Tuesday brought a wave of analyst downgrades across various sectors, with some prominent names losing their bullish support from Wall Street research teams.
The Shopify Reversal
In the most notable move, Wolfe Research analyst Shweta Khajuria downgraded Shopify Inc (SHOP) from Outperform to Peer Perform. This marks a significant shift in sentiment for the e-commerce platform, which closed at $166.21 on Monday. The analyst is essentially saying Shopify no longer stands out from the pack enough to warrant a bullish call.

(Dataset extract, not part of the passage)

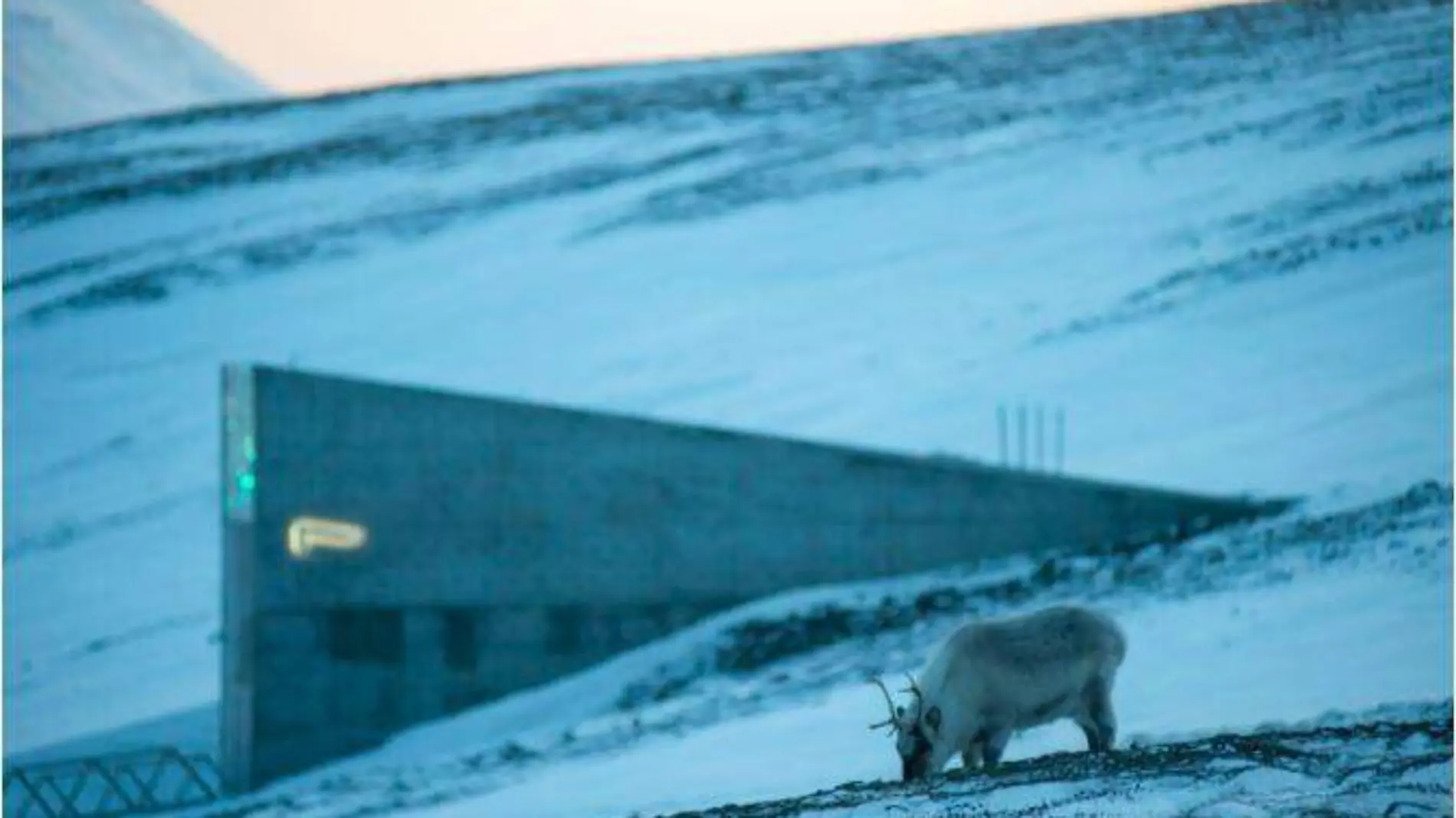 Svalbard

Housing and Mortgage Plays Lose Favor
BTIG analyst Eric Hagen downgraded AGNC Investment Corp (AGNC) from Buy to Neutral. The mortgage REIT closed at $11.07 on Monday before the rating change.
Meanwhile, Wells Fargo analyst Sam Reid downgraded D.R. Horton Inc (DHI) from Overweight to Equal-Weight and slashed the price target from $180 to $155. The homebuilder's shares closed at $146.48 on Monday, already trading below even the reduced target price.
Packaging Sector Gets Mixed Signals
Wells Fargo analyst Gabe Hajde had a busy day in the packaging space, issuing downgrades to two companies with contrasting price target moves.
He downgraded Greif Inc (GEF) from Overweight to Equal-Weight but actually raised the price target from $68 to $72. That's an interesting combination, essentially saying the stock has performed well enough that it's now fairly valued rather than undervalued. Greif shares closed at $69.56 on Monday.
Hajde also downgraded Sonoco Products Co (SON) from Overweight to Equal-Weight, this time slashing the price target from $52 to $47. Sonoco shares closed at $45.64 on Monday, trading below the new reduced target.
These downgrades reflect shifting analyst perspectives on companies across e-commerce, housing, mortgage finance, and industrial packaging sectors as market conditions evolve.